The construction of projects involves many related and non-related operation risk factors that contribute to the failure of the project (Chia, 2006, p. 21). To have an effective risk management plan, it is paramount, as a first step, to have the key risk factors that may affect the project identified and classified. Project management operations bearing the most effects on the plan of risk management are identified and categorized and then an analysis of the key risk factors in each of these categories are described (Chia, 2006, p. 23). Finally, a hierarchy of risk classification covering all the projects significant risk factors is developed. A number of case studies, for example, for this paper, The Libyan Housing Sector, show how classification helps cover the key risk factors that are very useful during the management of a project risks. The following is a review of a classification proposal that would be used to categories the risk factors in the construction sector
Chapman (2001, 09), defines risk classification as a method that ensures a broad and comprehensive process of identifying risks to a fundamental and basic level of details and one that contribute to a quality, effective and efficient risk identification. It is an important step during the risk assessment process, since it helps categories the diverse risk factors that affect projects into a more structured form (Mark, 2004, p. 77). There are several literature approaches to construction risk classification that have been proposed. Several literature works proposes an extensive list of factors gathered from different sources, then classified in terms of the risks posed towards the customers, contractors and consultants (Carr, 2001, p. 26). An international review of the frameworks involving risk classification in construction projects, for example, the Libyan Housing Sectors, can help identify and study the risk factors affecting the construction projects and how to classify them for easier management
Libyan Housing Sector
Libya did not have any housing problems before the discovery of oil in 1960s, despite having a very small number of houses in the urban areas (Ngab, 2007, p. 17). This was mainly because majority of the people were nomadic pastoralists. There was no need for permanent residence as people kept moving from one place to another, in search of pasture for their camels and other livestock. However, after oil discovery, the economy started to flourish and the urban centers developed especially along the coastal cities.
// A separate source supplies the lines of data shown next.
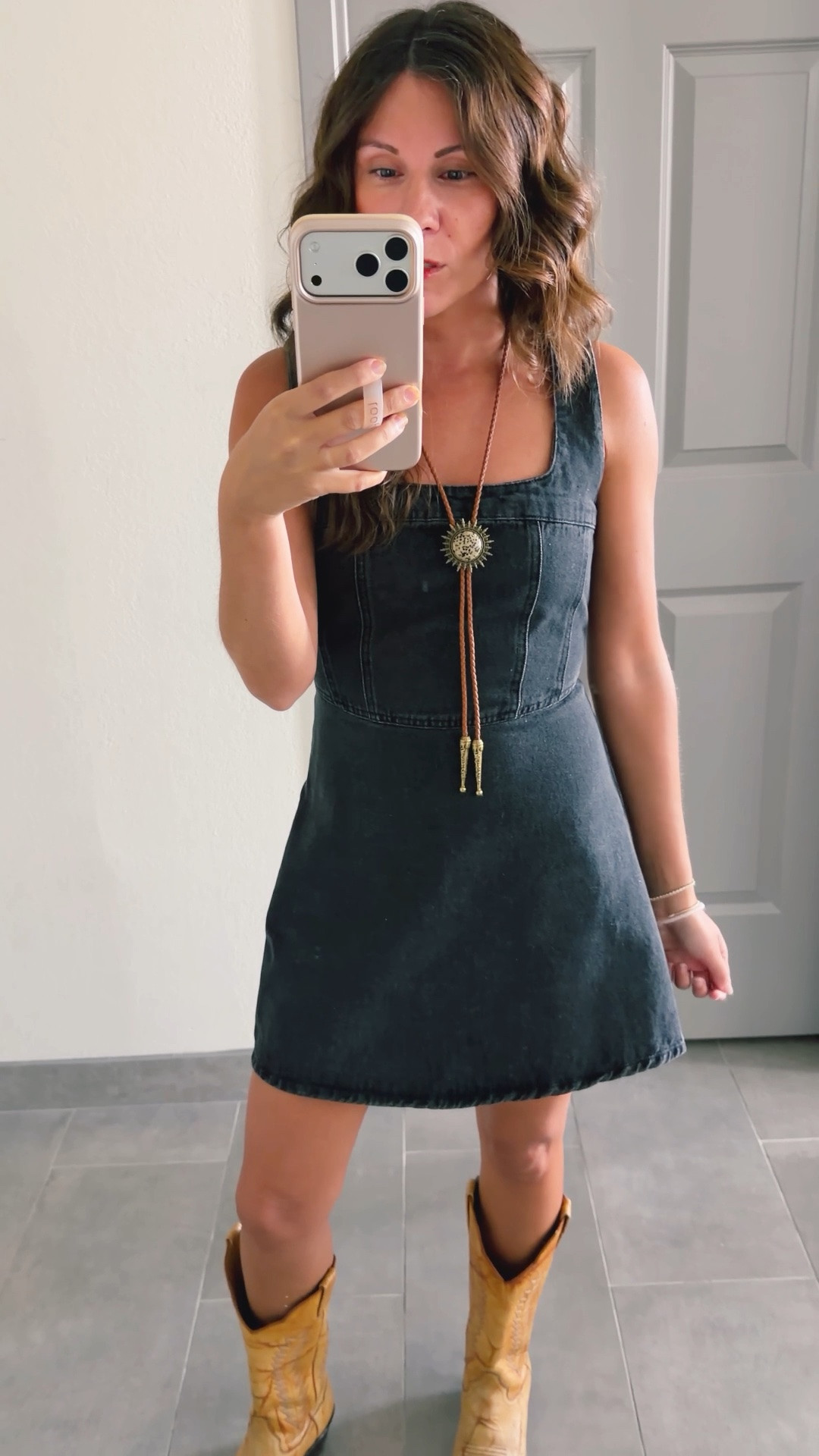 Tim McGraw Concert outfit 🤠👢🎵 

Xs in my denim dress! My boots are secondhand from eBay—linked similar.

#LTKPetite #LTKSeasonal #LTKootd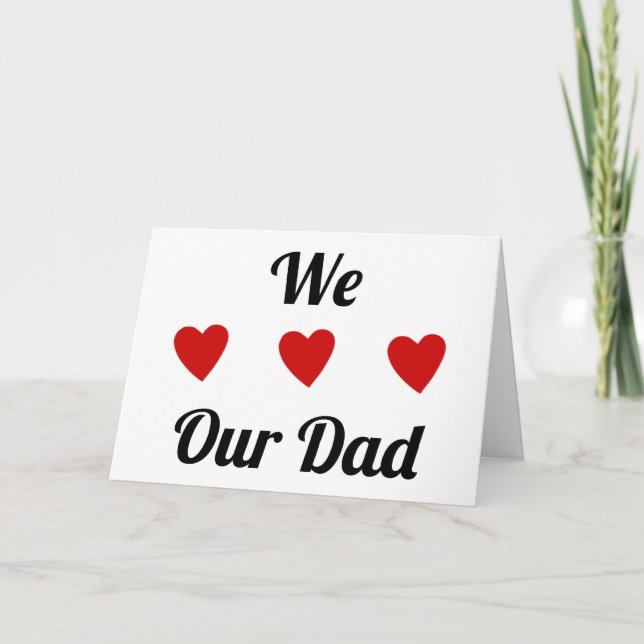 Tarjeta Amamos a DAD | Love DAD | Feliz Día del Padre (Anverso)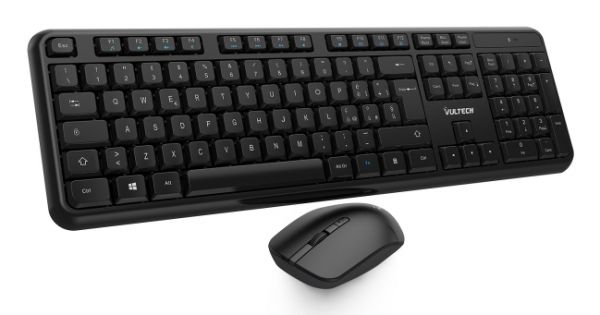 TASTIERA E MOUSE WIRELESS 1600DPI 2,4GHZ [KM-811W]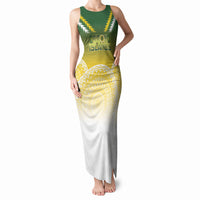 Cook Islands Rugby Custom Tank Maxi Dress Come On Kukis LT14 Women Multicolor - Polynesian Pride
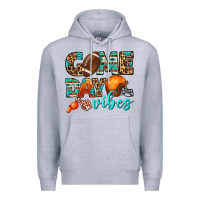 Heather Grey game day vibes Premium Hoodie - BundleAndBundleShop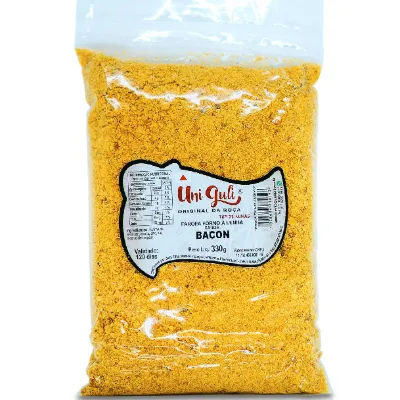 Farofa de Mandioca Uni Guli Bacon 330g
As a result, people began to migrate and settle in these cities due to the increase in job opportunities (PCPMF, 2004, p. np). There were also a considerable amount of immigrants from neighboring countries like Egypt, Algeria, Tunisia and Niger. People moved into Libya to work on oil mines and other businesses that started to crop up because of the oil. As such, there was an upsurge in the demand for housing (Ngab, 2007, p. 19). Therefore, housing became a priority for the government, which brought rise to the Libyan housing sector that was responsible for building houses for the increasing population. The construction process was however marred with a lot of risk which hinders project completions.
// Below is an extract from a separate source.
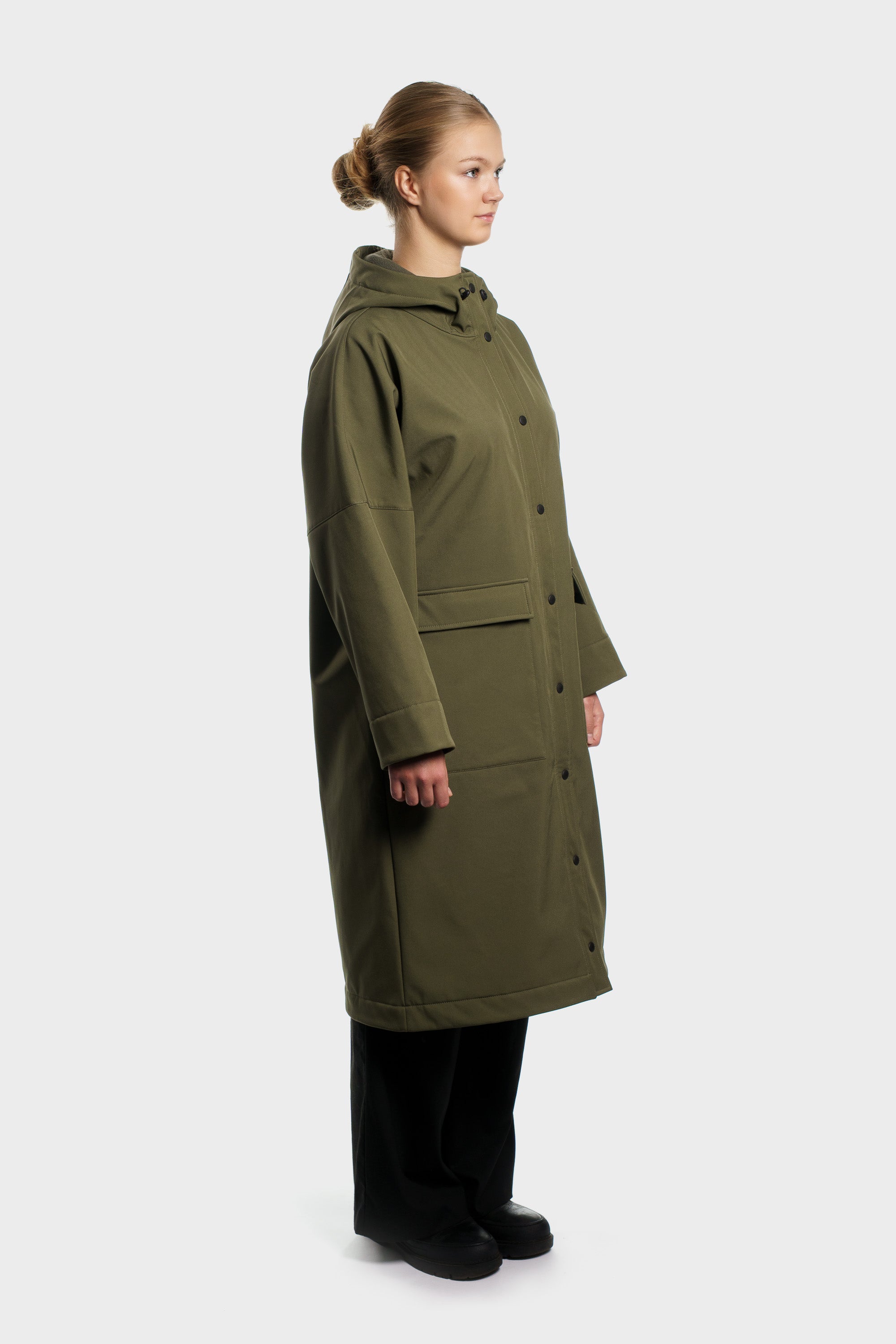 Softshell-Regenmantel mit reflektierendem Waldmotiv, Unisex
The housing construction projects have faced a variety of challenges and risks throughout the world (Chien, 2014, p. 11). Most of these risks have everything to do with time and cost overruns. Such is not only unique to Libya, however, their case is more to a larger degree as they lack enough experience in executing construction projects (Taroun, 2014, p. 47). The problem became a major hit back in 1970s and is still ongoing. Proper housing is important world over, and is essential to the growth of an economy. The major client of the Libyan building projects, like in any country around the world, is the government (Tah, 2001, p. 44). Therefore, the government has every interest in streamlining this industry and ensuring an effective risk management strategy. This involves developing clear risk classification procedures.
Risk Classification Categories
There are several proposed construction risk classification techniques adopted over time. In his review, Chapman (2001, p. 13), classified construction risk by categorizing them into three main groups, those risk involving; construction design, construction finance and construction time. Carr (2001, p, 28), further classified the building risks into four sections namely those risk associated with the environment where the projects is being developed, the dynamics of the construction industry, that is, the clients and consultants, and the type of projects itself. Mark (2004, p. 79), categorized the risks into six sub categories placing them into those that affect finances, those that are associated with the law, those that affect management, those emanating from the current housing market, those that deals with policy and regulation and finally risks influenced by politics of the day.
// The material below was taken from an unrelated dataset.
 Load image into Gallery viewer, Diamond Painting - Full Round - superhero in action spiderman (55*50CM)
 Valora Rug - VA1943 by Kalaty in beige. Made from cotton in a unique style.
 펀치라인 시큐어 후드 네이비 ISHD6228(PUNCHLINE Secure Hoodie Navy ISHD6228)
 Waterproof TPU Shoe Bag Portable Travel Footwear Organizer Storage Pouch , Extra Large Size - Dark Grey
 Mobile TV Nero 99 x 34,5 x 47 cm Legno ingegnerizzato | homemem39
From the above techniques it is evident that risk classification can be categorized into two major groups. External Risk classification and Internal risk classification (Klemettii, 2006). The internal risks factors are those that are under the direct control of the project management while the external risk factors are not necessarily under their control.
The internal risk include; projects operations, projects Management, projects engineering and projects finance (Zou, 2007).On the other hand, the external risk involves; the weather, government policy, culture, consumers and the housing market in general
In light of the ongoing project construction crisis in the housing sector, in Libya and indeed internationally, it is clear that neither quality nor quantity risk analysis and classification techniques are being utilized. Thus, Contractors have failed to deliver quality results on time and within the available budget. To understand the construction risk and how to manage them, projects managers ought to be able to first classify them for analysis. In order to reflect the impact they have on the projects duration, quality and cost. This study is intended to shed light on the possible techniques of classification as a first step to enhancing risk management for contractors working in the house construction industry in Libya and other parts of the world. By so doing, there shall be enhancement of better business management skills and competence. It will also foster competition which is very healthy for any business to grow.